> WORK ITEM: Each line of the data should be transcribed exactly as given.

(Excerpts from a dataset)
##########

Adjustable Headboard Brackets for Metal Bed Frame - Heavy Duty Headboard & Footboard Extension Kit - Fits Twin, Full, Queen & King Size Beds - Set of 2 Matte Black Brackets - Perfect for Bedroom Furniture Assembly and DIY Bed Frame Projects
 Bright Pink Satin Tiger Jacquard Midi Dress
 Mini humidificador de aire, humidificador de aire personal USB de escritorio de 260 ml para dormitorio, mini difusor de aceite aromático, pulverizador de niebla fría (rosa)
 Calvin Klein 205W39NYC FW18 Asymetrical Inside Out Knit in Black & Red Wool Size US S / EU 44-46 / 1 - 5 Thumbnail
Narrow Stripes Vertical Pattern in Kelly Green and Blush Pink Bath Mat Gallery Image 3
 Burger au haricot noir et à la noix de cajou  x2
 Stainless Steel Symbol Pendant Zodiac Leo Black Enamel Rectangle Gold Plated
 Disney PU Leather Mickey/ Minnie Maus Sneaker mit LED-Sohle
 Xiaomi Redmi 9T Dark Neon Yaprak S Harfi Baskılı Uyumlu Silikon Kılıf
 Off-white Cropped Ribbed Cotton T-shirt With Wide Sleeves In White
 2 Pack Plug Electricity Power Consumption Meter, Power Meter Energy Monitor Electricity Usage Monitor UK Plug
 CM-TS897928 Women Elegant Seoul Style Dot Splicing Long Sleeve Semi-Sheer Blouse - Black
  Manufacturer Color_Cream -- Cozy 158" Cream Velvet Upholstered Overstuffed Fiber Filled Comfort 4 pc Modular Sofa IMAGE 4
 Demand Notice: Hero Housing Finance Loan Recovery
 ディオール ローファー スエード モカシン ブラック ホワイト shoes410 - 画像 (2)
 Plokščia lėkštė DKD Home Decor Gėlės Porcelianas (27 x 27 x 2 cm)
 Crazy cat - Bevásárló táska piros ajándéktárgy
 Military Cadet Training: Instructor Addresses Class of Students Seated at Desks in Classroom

##########

> SOLUTION BELOW:
Adjustable Headboard Brackets for Metal Bed Frame - Heavy Duty Headboard & Footboard Extension Kit - Fits Twin, Full, Queen & King Size Beds - Set of 2 Matte Black Brackets - Perfect for Bedroom Furniture Assembly and DIY Bed Frame Projects
 Bright Pink Satin Tiger Jacquard Midi Dress
 Mini humidificador de aire, humidificador de aire personal USB de escritorio de 260 ml para dormitorio, mini difusor de aceite aromático, pulverizador de niebla fría (rosa)
 Calvin Klein 205W39NYC FW18 Asymetrical Inside Out Knit in Black & Red Wool Size US S / EU 44-46 / 1 - 5 Thumbnail
Narrow Stripes Vertical Pattern in Kelly Green and Blush Pink Bath Mat Gallery Image 3
 Burger au haricot noir et à la noix de cajou  x2
 Stainless Steel Symbol Pendant Zodiac Leo Black Enamel Rectangle Gold Plated
 Disney PU Leather Mickey/ Minnie Maus Sneaker mit LED-Sohle
 Xiaomi Redmi 9T Dark Neon Yaprak S Harfi Baskılı Uyumlu Silikon Kılıf
 Off-white Cropped Ribbed Cotton T-shirt With Wide Sleeves In White
 2 Pack Plug Electricity Power Consumption Meter, Power Meter Energy Monitor Electricity Usage Monitor UK Plug
 CM-TS897928 Women Elegant Seoul Style Dot Splicing Long Sleeve Semi-Sheer Blouse - Black
  Manufacturer Color_Cream -- Cozy 158" Cream Velvet Upholstered Overstuffed Fiber Filled Comfort 4 pc Modular Sofa IMAGE 4
 Demand Notice: Hero Housing Finance Loan Recovery
 ディオール ローファー スエード モカシン ブラック ホワイト shoes410 - 画像 (2)
 Plokščia lėkštė DKD Home Decor Gėlės Porcelianas (27 x 27 x 2 cm)
 Crazy cat - Bevásárló táska piros ajándéktárgy
 Military Cadet Training: Instructor Addresses Class of Students Seated at Desks in Classroom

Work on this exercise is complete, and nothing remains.